2026年2月25日、韓国政府はAI分野で世界トップ3入りを目指す国家戦略「大韓民国AI行動計画」を確定したとKOREA WAVEが報じた。99の実行課題と326の政策勧告を軸に、制度・インフラ・研究開発を横断的に刷新する構想である。
99課題・326勧告の全容
国家人工知能戦略委員会はソウルで第2回全体会議を開き、AI行動計画、政府インフラのガバナンス革新、セキュリティ脆弱性対応制度、研究開発戦略「Kムーンショット(※)」など5案件を審議・議決した。AI行動計画は国家・社会全般にAIを組み込む包括的実行戦略であり、99の実行課題と326の政策勧告で構成される。
制度面では、創作者の権利を保護しつつ著作物のAI活用を促進する法整備を進める。情報セキュリティではホワイトハッカーと連携し、脆弱性の通報・措置・公開までを制度化する方針だ。企業に対応状況の公開を求める仕組みも導入される予定である。
行政分野では、AIとデータを活用し申請がなくても福祉給付につなげる仕組みを検討する。
また、政府インフラ再編も大きな柱だ。国家情報資源管理院の大田センターは2030年までに閉鎖し、公共データセンターの安全基準を民間水準以上へ引き上げる。機密情報は政府施設で管理し、敏感情報や公開データは民間クラウドへ移管する設計となる。
さらに科学技術副首相の下に関係省庁合同の専従組織を新設し、英国政府デジタル庁(GDS)を参考に中長期の統治体制を再設計する構えだ。
※Kムーンショット:韓国政府が推進する挑戦的研究開発戦略。AIを活用し科学技術の飛躍的進展を狙う国家プロジェクト群を指す。
国家主導AIの利点と統治リスク
今回の戦略は、AIを国家競争力の中核に据える明確な意思表示と言える。効果として、研究開発、法制度、インフラを一体で再設計することで、政策の断片化を防ぎ、産業界に長期的な予見性を与える効果が期待できる。特にKムーンショットによる挑戦的投資は、半導体やバイオと並ぶ成長エンジンを創出する可能性があると予測できる。
一方で、国家主導の設計は柔軟性を損なうリスクも抱える。クラウド移管やデータ再配置は効率化を促す反面、セキュリティ事故や主権問題が発生した場合の責任所在が複雑化しかねない。脆弱性情報の公開制度は透明性向上につながるが、企業側のコスト増大という副作用も想定される。
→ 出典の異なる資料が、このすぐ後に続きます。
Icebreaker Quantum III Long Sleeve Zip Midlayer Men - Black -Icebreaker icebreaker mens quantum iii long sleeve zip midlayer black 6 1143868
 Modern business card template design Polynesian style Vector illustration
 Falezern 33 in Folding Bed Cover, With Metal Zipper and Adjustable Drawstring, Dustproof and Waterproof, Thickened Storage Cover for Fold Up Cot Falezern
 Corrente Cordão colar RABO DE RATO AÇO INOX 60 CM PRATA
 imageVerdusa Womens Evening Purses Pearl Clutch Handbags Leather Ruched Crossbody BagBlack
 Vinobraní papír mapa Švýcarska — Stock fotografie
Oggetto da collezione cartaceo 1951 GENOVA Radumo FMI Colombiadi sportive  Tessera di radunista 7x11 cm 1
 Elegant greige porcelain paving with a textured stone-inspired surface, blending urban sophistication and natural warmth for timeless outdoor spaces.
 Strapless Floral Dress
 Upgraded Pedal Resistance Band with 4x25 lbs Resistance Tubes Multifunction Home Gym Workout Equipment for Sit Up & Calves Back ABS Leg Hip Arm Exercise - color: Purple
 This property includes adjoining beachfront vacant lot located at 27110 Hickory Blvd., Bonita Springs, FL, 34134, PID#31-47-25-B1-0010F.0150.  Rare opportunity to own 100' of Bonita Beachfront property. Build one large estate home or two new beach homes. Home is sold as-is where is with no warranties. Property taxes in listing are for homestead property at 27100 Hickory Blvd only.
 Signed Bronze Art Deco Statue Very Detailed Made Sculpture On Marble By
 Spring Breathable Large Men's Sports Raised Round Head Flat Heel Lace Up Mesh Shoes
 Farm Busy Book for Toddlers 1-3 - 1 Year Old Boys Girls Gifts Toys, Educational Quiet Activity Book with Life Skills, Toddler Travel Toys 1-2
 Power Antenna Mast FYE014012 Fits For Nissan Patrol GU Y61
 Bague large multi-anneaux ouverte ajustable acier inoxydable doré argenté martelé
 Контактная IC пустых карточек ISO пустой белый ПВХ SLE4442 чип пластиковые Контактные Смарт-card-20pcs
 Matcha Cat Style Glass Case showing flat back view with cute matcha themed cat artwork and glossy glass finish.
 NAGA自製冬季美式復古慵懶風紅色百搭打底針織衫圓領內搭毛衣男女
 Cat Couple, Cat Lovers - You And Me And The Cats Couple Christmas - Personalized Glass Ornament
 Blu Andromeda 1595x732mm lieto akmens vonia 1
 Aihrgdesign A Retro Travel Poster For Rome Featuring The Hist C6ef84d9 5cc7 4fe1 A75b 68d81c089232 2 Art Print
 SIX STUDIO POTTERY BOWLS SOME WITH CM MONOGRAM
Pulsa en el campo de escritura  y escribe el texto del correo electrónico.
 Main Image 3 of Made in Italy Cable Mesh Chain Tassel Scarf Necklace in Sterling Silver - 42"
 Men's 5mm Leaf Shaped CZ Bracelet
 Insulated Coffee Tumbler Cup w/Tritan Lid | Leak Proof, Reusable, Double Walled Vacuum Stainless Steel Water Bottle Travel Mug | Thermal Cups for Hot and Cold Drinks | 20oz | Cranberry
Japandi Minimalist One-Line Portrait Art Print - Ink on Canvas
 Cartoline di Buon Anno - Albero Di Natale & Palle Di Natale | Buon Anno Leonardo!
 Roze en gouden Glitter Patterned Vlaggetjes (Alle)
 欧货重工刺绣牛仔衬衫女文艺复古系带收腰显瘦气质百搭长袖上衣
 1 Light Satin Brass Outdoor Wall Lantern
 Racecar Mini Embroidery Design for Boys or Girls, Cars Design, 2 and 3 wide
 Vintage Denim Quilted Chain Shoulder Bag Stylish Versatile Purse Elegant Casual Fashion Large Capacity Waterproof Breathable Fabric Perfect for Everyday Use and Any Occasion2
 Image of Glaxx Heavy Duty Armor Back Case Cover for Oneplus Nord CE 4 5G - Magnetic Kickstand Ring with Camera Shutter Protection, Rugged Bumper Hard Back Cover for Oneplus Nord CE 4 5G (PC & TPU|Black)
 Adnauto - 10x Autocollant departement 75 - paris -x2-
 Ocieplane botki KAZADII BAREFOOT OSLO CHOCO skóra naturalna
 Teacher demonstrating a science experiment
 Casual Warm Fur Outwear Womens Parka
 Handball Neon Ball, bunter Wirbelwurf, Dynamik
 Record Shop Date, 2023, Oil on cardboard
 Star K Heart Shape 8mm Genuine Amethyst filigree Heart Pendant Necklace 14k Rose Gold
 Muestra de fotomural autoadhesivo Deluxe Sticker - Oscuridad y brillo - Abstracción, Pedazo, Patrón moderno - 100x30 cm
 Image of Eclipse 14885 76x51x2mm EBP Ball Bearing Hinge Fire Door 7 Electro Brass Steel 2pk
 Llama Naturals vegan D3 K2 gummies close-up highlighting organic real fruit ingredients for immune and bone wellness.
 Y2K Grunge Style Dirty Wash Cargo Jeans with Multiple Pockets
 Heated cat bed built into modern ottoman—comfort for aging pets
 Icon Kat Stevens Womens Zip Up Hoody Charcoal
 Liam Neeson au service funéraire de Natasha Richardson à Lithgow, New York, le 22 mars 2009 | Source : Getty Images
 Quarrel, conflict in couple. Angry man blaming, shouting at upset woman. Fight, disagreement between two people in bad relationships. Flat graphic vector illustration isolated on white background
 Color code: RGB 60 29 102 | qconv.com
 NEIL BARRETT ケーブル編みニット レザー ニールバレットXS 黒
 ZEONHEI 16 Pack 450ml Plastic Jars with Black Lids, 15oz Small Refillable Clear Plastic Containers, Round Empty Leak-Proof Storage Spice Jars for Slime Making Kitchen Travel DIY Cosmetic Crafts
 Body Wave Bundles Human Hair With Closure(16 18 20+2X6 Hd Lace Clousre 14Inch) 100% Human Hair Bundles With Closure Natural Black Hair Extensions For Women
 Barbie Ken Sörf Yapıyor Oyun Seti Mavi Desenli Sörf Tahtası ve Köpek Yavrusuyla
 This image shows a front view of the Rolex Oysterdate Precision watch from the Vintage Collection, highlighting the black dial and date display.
今回のプロジェクトのように、行政の自動化が進めば給付漏れの解消などの利点が見込まれるが、アルゴリズムの公平性や説明責任の確保は不可欠である。
99課題という網羅的設計が実装段階でどこまで機能するか。韓国の挑戦は、AI時代における国家モデルの先行事例となる可能性を秘めている。